HOW TO COMPLETE THIS TASK:
Starting at the line that contains "Notre Dame. . .", return every line through the end of the data exactly, without pictures.

DATASET EXCERPTS:
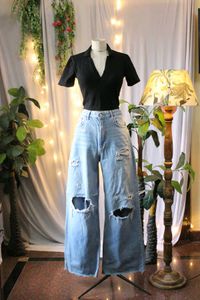 Zara Polo neck Crop Top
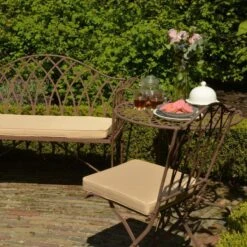 Esschert Design Banc De Jardin Métal Style "Old England" MF009 -Esprit Plein Air esschert design banc de jardin metal style old england mf009 3666722331579 973600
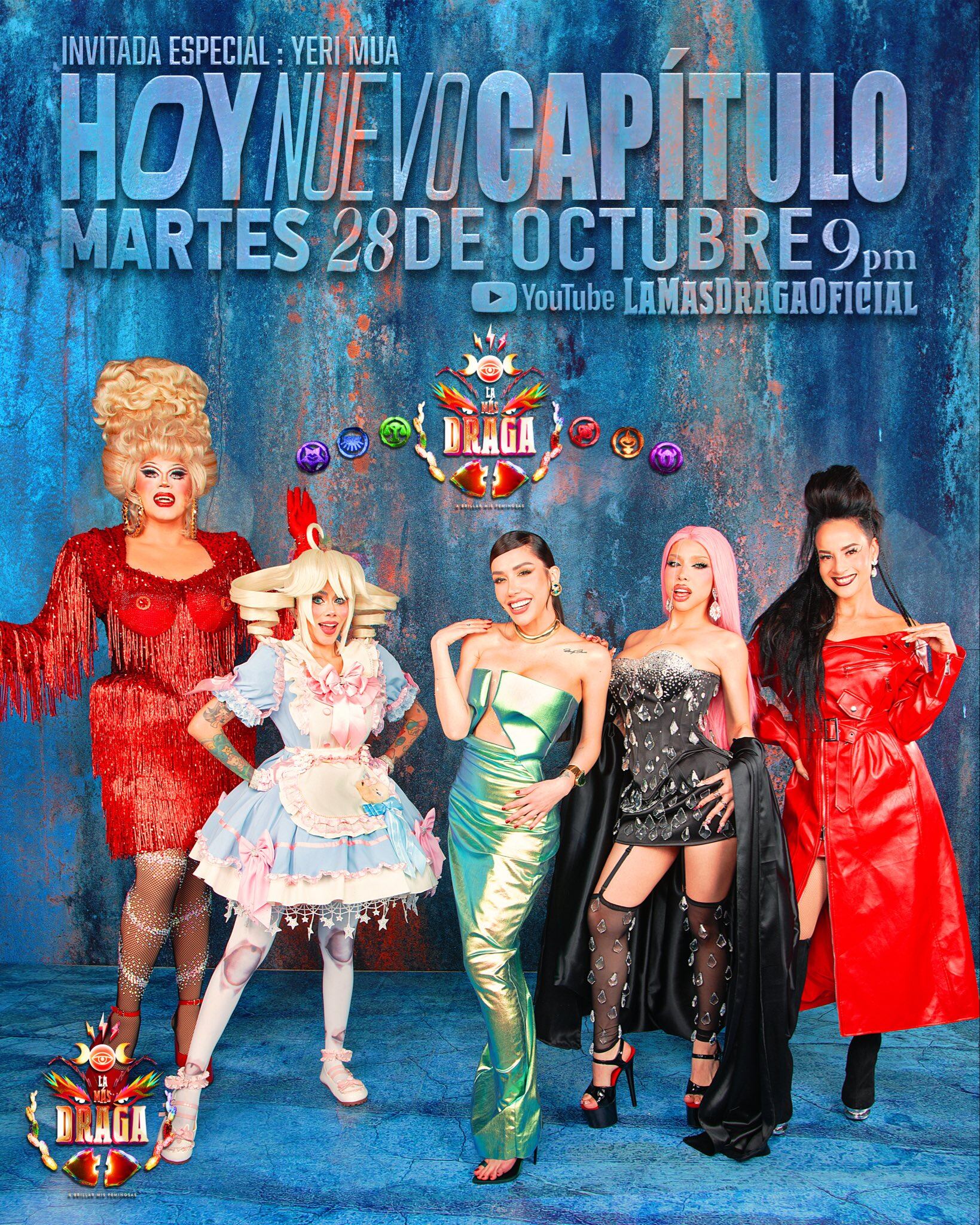 Yeri Mua es invitada del quinto capítulo de La Más Draga 7. Foto: X/@Lamasdraga.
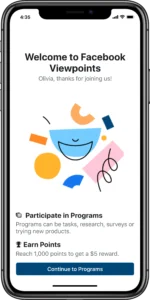 Earning Methods on Facebook (Meta) Viewpoints Earning Methods on Facebook (Meta) Viewpoints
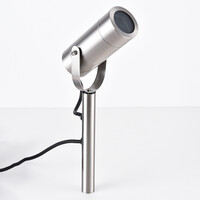 Trädgårdsspotlight Emilio i rostfritt stål, 31 cm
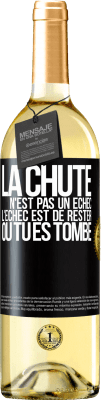 29,95 € Envoi gratuit | Vin blanc Édition WHITE La chute n'est pas un échec. L'échec est de rester où tu es tombé Étiquette Noire. Étiquette personnalisable Vin jeune Récolte 2024 Verdejo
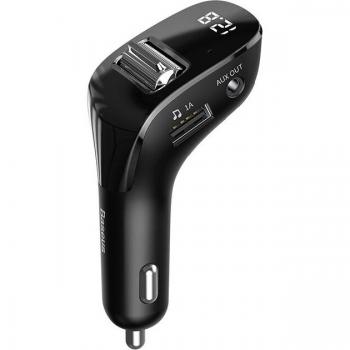 Baseus – adaptateur FM Bluetooth 5.0, mains libres, double USB, chargeur de voiture, Radio FM, modulateur audio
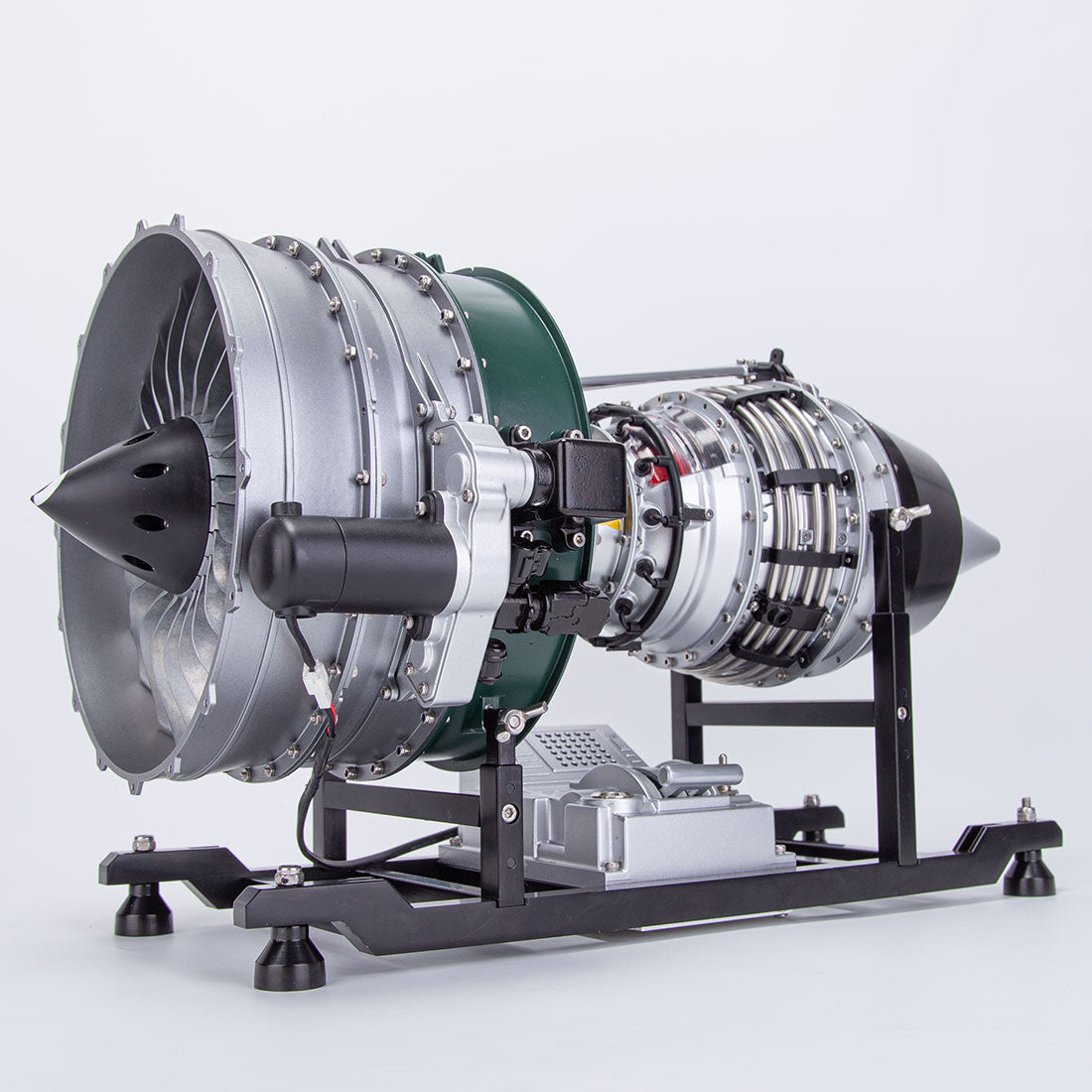 Build Your Own Working Turbofan Engine Model - TECHING 1/10 Full Metal Dual-Spool Jet Engine Kit with 1000+ Pieces DIY Engine Diyengmod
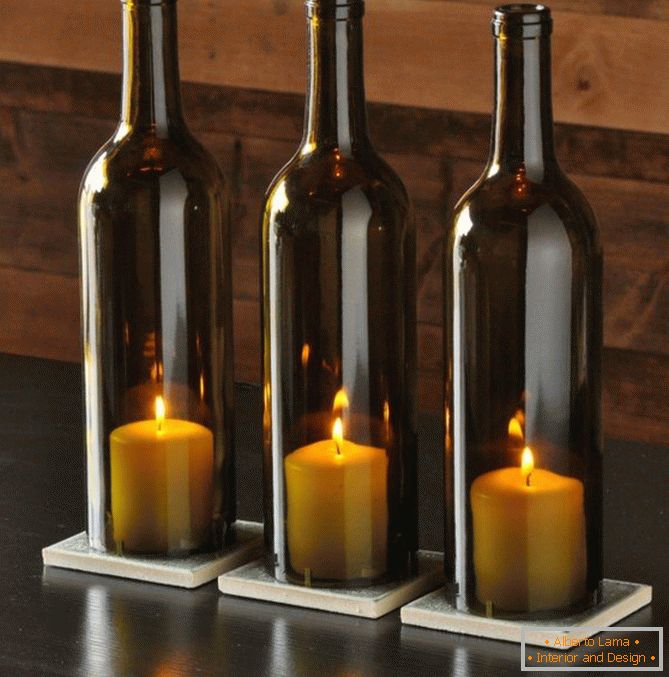 Bottles bez dna za sveće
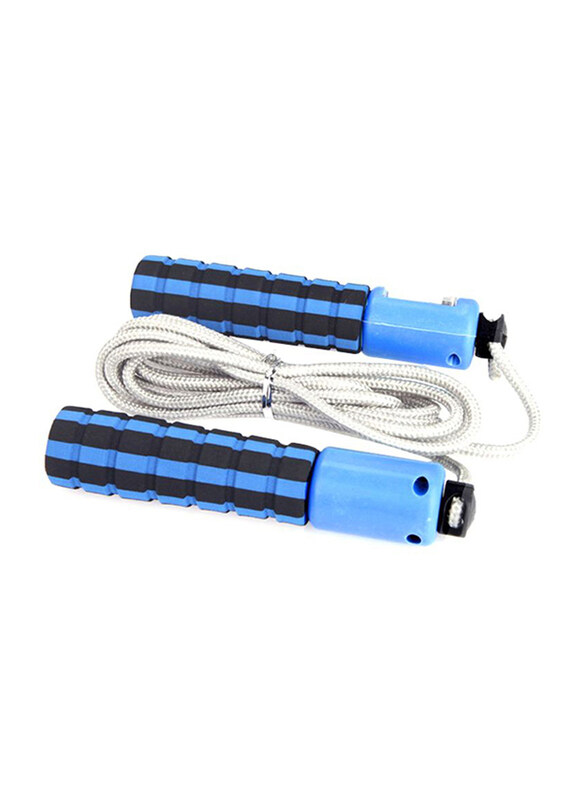 

Tomshoo Skipping Rope With Jump Counter, Blue/Black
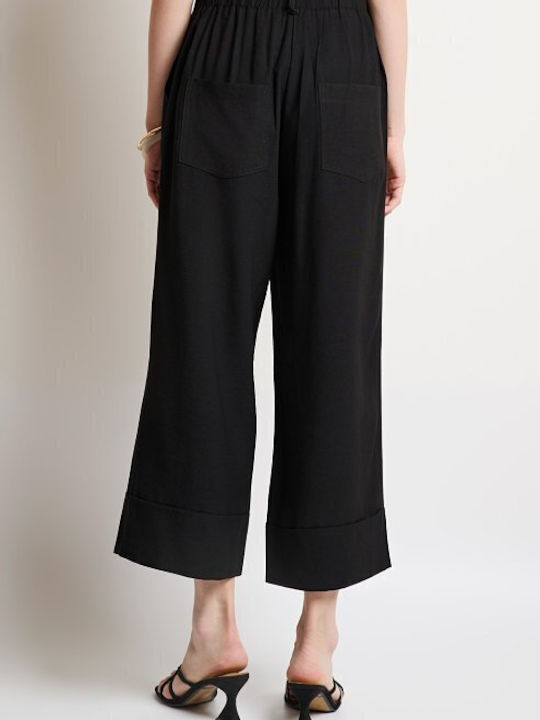Women's Black Set with Trousers with Rubber Band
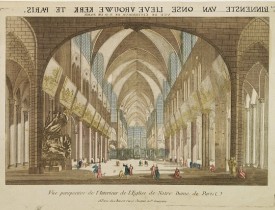 MONDHARE -  Vue perspective de l'Interieur de l'Eglise de Notre Dame. . .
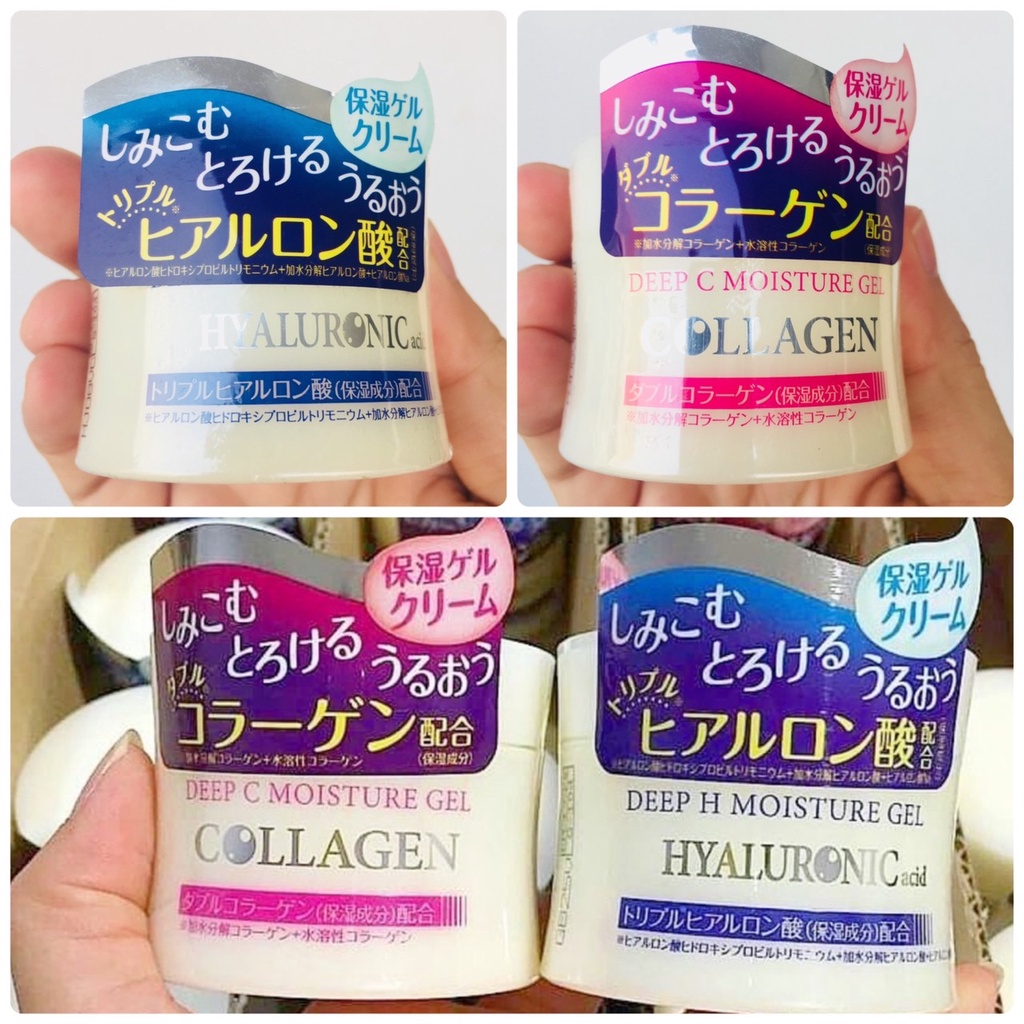 เจลครีมบำรุงผิวหน้า DAISO Deep C (Collagen) & Deep H (Hyaluronic Acid) Moisture Gel 🌿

FINISHED TASK:
 MONDHARE -  Vue perspective de l'Interieur de l'Eglise de Notre Dame. . .
 เจลครีมบำรุงผิวหน้า DAISO Deep C (Collagen) & Deep H (Hyaluronic Acid) Moisture Gel 🌿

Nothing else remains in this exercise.